=== INPUT RECORDS ===

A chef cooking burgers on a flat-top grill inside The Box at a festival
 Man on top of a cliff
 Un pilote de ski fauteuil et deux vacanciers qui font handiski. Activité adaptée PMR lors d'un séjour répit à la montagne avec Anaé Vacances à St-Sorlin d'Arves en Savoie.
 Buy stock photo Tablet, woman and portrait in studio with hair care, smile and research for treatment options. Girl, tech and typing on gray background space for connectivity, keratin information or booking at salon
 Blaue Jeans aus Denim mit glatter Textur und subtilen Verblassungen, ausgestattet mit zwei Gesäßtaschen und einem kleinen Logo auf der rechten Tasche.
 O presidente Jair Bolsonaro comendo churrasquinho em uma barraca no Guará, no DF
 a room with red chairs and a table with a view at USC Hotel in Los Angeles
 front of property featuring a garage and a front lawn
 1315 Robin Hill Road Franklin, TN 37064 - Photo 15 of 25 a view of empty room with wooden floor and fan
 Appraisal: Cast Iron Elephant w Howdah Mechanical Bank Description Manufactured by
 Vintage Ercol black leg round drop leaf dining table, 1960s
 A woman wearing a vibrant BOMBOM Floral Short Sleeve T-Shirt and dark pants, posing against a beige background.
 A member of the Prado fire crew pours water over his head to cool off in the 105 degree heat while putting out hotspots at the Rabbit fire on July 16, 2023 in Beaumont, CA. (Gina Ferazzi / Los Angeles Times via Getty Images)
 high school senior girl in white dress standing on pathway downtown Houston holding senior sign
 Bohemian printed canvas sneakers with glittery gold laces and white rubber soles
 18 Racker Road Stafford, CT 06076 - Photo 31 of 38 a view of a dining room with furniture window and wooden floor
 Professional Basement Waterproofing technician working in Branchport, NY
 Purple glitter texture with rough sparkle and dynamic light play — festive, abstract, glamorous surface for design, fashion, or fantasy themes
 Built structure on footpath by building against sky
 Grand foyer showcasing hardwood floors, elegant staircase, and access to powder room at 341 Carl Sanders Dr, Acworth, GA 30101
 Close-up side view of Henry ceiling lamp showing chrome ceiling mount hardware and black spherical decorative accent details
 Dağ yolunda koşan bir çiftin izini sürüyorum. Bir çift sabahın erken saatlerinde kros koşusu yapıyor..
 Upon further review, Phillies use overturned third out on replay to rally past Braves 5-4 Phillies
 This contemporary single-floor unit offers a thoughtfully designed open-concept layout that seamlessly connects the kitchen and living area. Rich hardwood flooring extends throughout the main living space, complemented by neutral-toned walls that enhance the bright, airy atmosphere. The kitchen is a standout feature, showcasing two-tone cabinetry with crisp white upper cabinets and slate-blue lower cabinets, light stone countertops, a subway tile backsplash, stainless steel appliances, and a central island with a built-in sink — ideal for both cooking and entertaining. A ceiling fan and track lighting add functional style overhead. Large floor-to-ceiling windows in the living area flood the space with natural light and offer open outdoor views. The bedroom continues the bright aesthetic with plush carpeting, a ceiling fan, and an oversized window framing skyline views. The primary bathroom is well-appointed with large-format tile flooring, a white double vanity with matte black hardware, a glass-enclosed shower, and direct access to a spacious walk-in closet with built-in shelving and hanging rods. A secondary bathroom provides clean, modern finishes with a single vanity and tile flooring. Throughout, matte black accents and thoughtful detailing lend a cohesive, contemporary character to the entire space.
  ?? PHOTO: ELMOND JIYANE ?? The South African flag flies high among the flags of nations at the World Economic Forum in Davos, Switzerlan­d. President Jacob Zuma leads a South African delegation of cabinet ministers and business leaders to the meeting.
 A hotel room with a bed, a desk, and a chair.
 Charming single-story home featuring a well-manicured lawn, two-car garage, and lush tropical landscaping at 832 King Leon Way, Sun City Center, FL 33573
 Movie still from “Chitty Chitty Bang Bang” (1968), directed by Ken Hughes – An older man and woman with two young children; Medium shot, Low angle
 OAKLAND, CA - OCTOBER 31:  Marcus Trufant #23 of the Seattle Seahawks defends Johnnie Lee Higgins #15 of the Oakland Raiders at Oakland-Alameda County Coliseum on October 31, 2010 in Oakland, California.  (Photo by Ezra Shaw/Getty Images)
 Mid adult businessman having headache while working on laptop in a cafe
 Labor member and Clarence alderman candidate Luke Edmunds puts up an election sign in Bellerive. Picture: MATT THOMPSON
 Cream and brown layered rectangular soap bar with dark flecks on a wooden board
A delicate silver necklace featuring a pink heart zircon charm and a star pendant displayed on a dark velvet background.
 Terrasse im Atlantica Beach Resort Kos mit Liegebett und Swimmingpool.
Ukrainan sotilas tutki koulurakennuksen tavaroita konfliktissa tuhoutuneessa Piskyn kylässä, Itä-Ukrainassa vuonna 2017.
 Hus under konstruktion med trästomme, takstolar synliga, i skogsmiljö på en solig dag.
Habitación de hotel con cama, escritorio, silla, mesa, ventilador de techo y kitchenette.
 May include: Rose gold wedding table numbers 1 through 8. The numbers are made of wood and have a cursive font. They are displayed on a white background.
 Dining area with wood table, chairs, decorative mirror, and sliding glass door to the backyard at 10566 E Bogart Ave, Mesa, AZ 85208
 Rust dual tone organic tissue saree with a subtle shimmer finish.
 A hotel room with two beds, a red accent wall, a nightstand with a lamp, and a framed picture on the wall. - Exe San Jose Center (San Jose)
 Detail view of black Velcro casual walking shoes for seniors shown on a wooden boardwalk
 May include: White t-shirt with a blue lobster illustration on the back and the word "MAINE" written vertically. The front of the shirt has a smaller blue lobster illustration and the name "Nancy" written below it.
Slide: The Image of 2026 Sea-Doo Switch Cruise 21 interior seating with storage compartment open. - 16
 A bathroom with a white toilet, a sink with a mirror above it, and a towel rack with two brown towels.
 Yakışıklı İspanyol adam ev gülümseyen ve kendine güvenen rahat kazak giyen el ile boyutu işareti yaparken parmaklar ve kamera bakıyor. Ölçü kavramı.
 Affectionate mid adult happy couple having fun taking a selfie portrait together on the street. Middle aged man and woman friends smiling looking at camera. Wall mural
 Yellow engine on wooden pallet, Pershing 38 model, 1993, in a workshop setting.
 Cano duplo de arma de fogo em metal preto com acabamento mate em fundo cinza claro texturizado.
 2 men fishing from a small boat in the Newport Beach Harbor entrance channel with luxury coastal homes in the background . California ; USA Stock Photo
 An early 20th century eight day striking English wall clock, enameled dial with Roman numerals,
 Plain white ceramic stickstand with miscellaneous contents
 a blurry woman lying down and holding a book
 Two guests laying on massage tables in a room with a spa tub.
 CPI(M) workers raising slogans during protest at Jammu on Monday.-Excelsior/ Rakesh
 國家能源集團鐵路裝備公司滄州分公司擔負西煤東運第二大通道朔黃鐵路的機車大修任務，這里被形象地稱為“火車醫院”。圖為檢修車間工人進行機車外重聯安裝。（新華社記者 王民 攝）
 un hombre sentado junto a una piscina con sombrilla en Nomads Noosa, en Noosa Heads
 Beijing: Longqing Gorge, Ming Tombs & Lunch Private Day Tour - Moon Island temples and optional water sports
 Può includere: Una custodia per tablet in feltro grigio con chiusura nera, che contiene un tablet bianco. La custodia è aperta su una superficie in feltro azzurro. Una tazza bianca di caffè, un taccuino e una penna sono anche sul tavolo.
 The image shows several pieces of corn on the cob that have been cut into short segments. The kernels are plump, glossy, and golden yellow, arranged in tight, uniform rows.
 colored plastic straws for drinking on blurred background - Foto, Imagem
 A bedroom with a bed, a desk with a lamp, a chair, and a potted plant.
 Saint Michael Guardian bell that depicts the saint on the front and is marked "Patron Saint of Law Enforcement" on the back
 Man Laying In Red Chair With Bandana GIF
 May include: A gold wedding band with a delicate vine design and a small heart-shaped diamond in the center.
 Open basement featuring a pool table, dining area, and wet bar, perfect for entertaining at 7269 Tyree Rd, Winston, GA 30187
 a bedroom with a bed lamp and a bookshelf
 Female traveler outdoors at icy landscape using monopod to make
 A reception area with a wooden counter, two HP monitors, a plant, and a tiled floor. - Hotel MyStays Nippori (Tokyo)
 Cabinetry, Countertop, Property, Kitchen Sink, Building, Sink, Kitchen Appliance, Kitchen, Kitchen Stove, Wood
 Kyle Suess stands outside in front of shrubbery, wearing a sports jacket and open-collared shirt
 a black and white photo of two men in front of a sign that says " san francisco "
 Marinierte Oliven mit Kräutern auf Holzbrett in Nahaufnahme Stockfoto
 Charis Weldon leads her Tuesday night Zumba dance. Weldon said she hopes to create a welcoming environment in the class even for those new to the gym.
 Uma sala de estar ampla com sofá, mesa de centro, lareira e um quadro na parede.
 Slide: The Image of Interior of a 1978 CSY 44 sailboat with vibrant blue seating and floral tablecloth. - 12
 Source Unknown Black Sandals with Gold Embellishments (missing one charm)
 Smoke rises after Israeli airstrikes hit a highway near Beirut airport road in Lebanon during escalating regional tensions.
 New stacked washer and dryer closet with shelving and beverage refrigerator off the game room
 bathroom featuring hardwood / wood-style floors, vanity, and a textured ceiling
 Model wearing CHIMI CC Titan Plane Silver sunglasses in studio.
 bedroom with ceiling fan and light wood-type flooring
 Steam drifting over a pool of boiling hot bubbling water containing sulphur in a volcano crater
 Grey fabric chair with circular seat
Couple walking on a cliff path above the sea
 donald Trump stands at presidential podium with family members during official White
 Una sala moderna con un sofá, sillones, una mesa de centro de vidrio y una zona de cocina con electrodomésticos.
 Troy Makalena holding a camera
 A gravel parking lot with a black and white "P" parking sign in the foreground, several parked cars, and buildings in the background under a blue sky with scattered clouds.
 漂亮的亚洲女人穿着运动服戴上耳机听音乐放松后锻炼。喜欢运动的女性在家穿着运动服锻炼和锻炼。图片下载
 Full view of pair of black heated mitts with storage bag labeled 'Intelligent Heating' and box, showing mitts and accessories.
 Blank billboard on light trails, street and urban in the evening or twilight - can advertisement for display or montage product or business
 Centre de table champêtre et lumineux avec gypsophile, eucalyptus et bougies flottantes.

===

AIM OF THE EXERCISE: Show each line from the listing above that includes the word "studio".

RESPONSE BELOW:
 Buy stock photo Tablet, woman and portrait in studio with hair care, smile and research for treatment options. Girl, tech and typing on gray background space for connectivity, keratin information or booking at salon
 Model wearing CHIMI CC Titan Plane Silver sunglasses in studio.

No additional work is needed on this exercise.